Due to the optical construction of the lens, light entering the sensor is more concentrated in the center and less towards the edges, resulting in the digital image appearing brighter in the center and darker around the edges (shading). The goal is to achieve consistent brightness between the edges and the center of the image after correction. Correction algorithm principle: Determine the shading distribution and use polynomial fitting or concentric circle compensation methods for correction. Lens shading has two forms: Luma shading, also known as Vignetting, refers to the phenomenon where the brightness at the edges of the image darkens due to the light amount from the center gradually decreasing towards the edges. Chroma shading refers to the phenomenon where the refractive index of the lens differs for different wavelengths of light, causing separation of the focal plane position and resulting in pseudo-color in the image.
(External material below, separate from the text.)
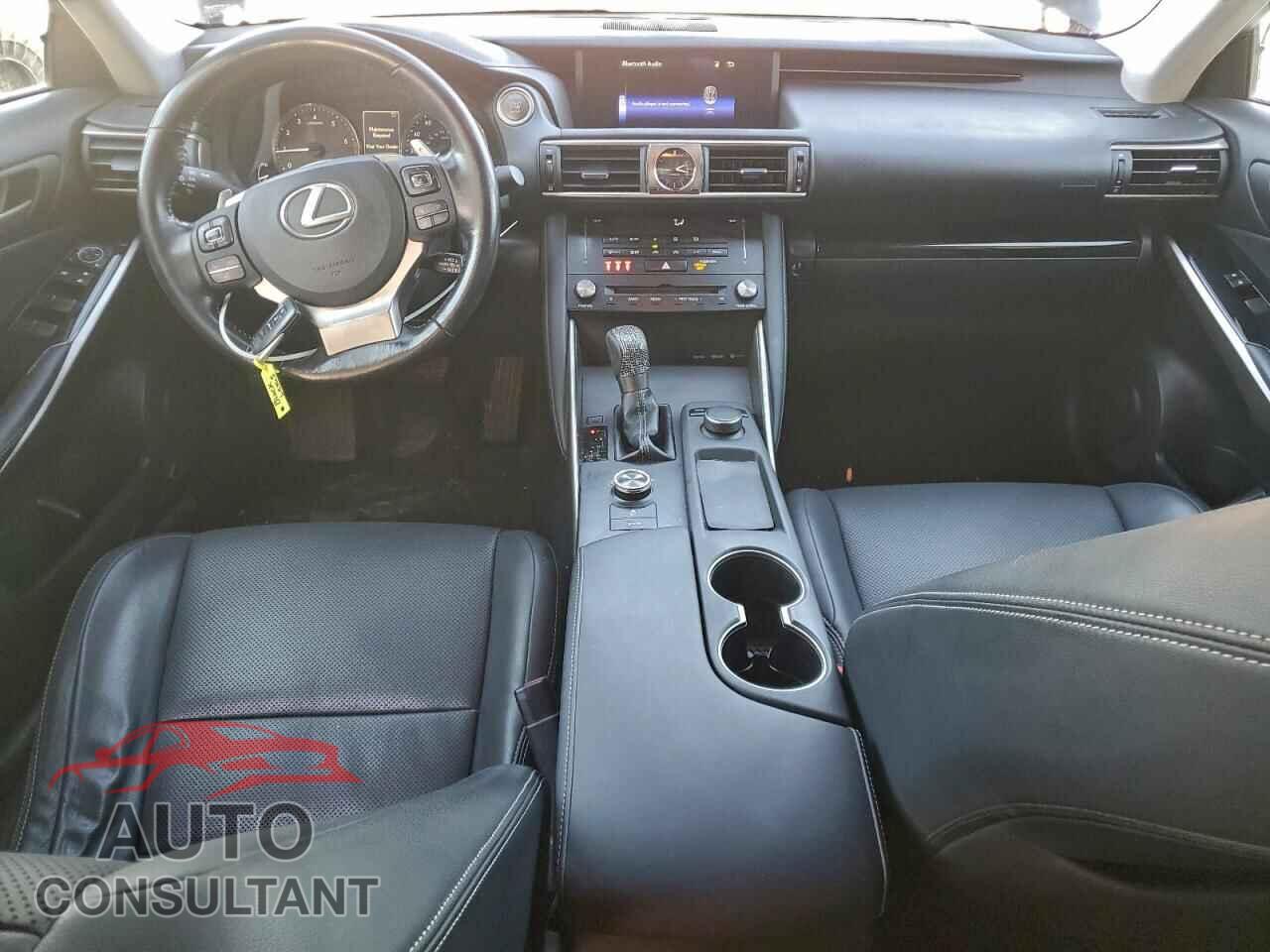 LEXUS IS 2017 - JTHBA1D21H5041239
Automatic Exposure (AE) Automatically adjusts exposure parameters based on the strength of external light to prevent overexposure or underexposure, achieving the best image quality. Exposure amount refers to the total amount of light acting on the photosensitive element (such as film or sensor), determined by the following three factors:

Aperture: The size of the aperture blades inside the lens affects the light-gathering area. The larger the aperture (smaller the number), the more light passes through in a unit time.

Shutter: Determines the exposure time, i.e., the time the photosensitive element is exposed to light. The faster the shutter speed, the shorter the exposure time; conversely, the longer the exposure time.

ISO: Sensitivity, which measures how sensitive the film (or photosensitive element) is to light. The higher the ISO value, the higher the sensitivity to light, but it may also lead to increased noise.

In the automatic exposure system, the camera measures the brightness of the scene through a metering system and calculates the appropriate exposure amount based on the exposure equation, then automatically adjusts parameters such as aperture, shutter speed, and ISO to achieve that exposure amount. The exposure loop algorithm is the most common automatic exposure algorithm, implemented through a closed-loop control system, which includes:

Initial Exposure Estimate Calculation: Estimates the initial exposure value based on the current scene brightness by collecting image data through the sensor.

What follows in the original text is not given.